For the great medieval Spanish sage, Rabbi Moshe ben Nahman, otherwise known by the acronym, Ramban (Spain 13th century), this “pshat” or simple reading was insufficient. He sought deeper meaning in this vignette, reading it allegorically as a symbolic prophecy of the future of the Jewish nation:
There is no benefit to be gained from the plain meaning of this story, nor great honor for Yitzhak that he and his father did the same thing; however, there is a hidden [significance] in this story since they come to reveal something of the future. For this reason, ‘be’ar mayim hayim’ – the spring of living waters alludes to the House of God (the Temple) which the children of Yitzhak will build… And he called the first well ‘Esek’ since it alludes to the First Temple that they (the nations) contended with us and caused among us many disputes and wars until they destroyed it. The second [well] was called Sitnah, refers to the Second Temple, a name harsher than the first. This alludes to the Second House… And during its entire existence they (the nations) were a source of enmity unto us until they destroyed it and drove us from it into bitter exile. The third well, he (Yitzhak) called Rehovot (Spacious). This is a reference to the Future House, which will be speedily built in our days, and it will be done without quarrel and feud… And concerning the Third House of the future… it is written: ‘And we shall be fruitful in the land’, (Ezekiel 41:7) signifying that all peoples will come to worship G-d with one consent. (Ramban on verses 20-21)
This interpretation is born of Ramban’s active interaction with the text. He sees this story as a projection of the future history of Israel; the digging of the first two wells represent for him visions of the destruction and despair which brought about the two-time demise of the Jewish nation and the destruction of its sacred center. These, of course, were events in the past for Ramban.
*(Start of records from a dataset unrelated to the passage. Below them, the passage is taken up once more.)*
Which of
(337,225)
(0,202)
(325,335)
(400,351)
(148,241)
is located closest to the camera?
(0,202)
Yitzhak’s third well, represents Ramban’s hope for the future – the hope that I pray that we are living!
We are living is difficult times. This vision seems distant. It is difficult for us to display Ramban’s optimism, but optimistic we must be! I hope and pray that the darkness we are experiencing today will give way to refulgent light as we enter Kislev and approach Hanukkah – the Festival of Light. May our aspirations for a future of peace and tranquility will be fulfilled.